Material provided ▸
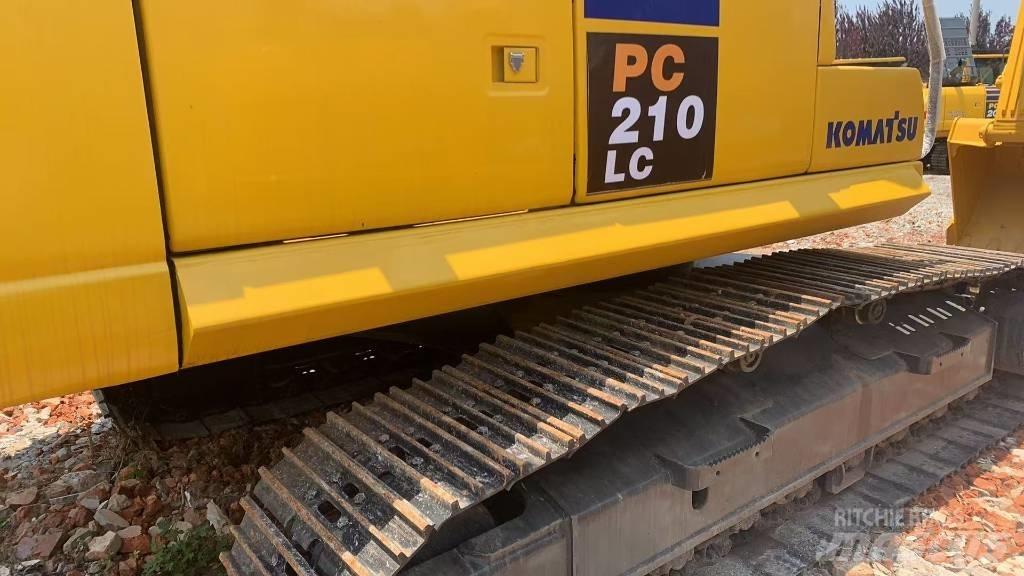 Komatsu PC 210 Гусеничные экскаваторы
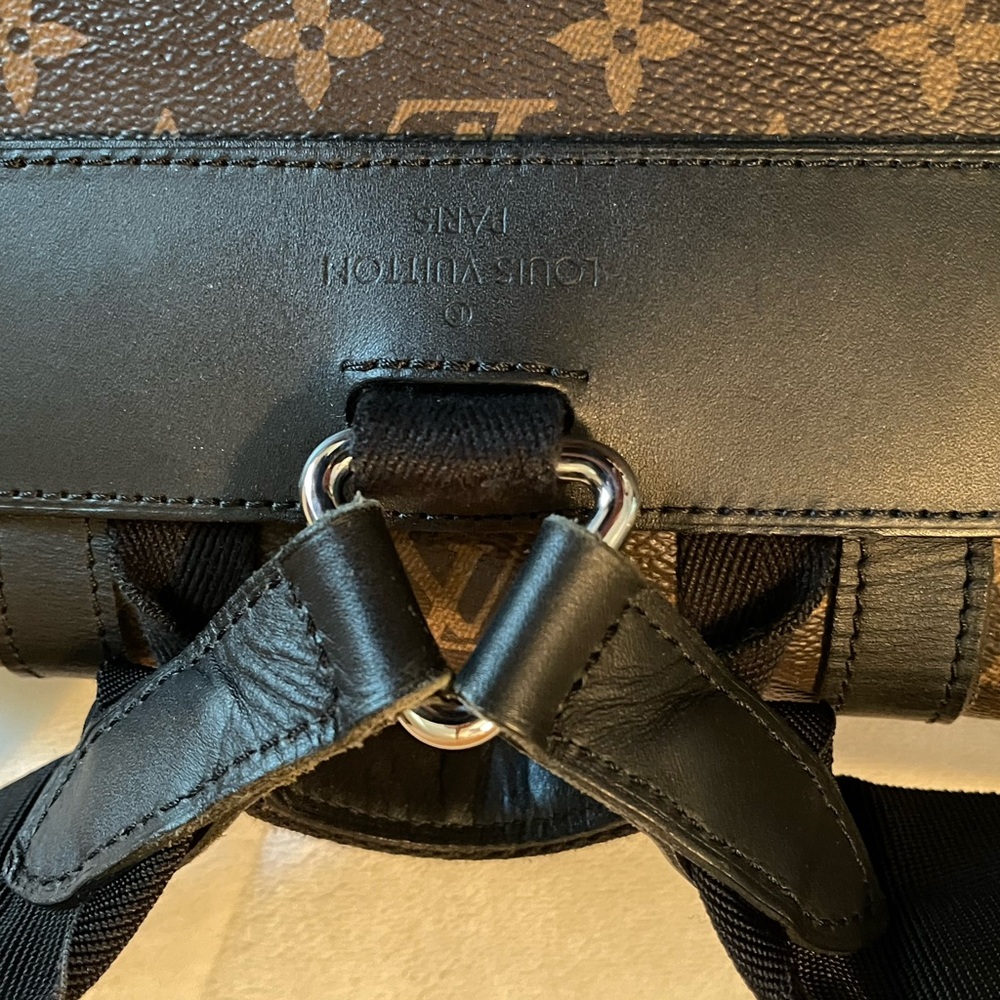 Authentic Louis Vuitton monogram Christopher PM backpack - Picture 5 of 8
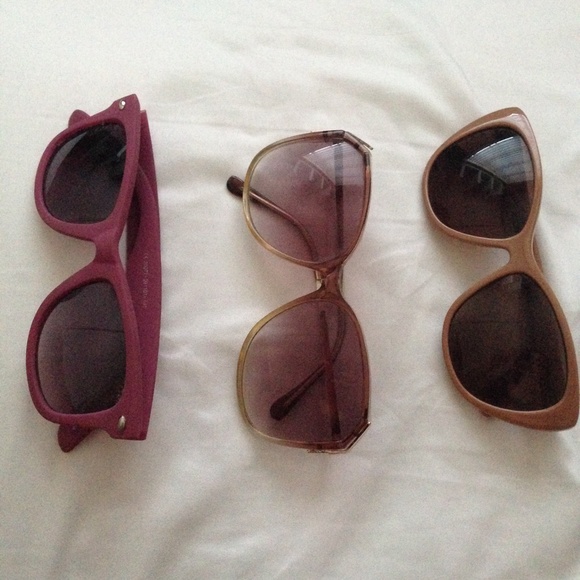 Sunglasses bundle - Picture 2 of 2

What you will do ▸
Retype the data above exactly. Do not carry over any images.

Solution for this problem ▸
 Komatsu PC 210 Гусеничные экскаваторы
 Authentic Louis Vuitton monogram Christopher PM backpack - Picture 5 of 8
 Sunglasses bundle - Picture 2 of 2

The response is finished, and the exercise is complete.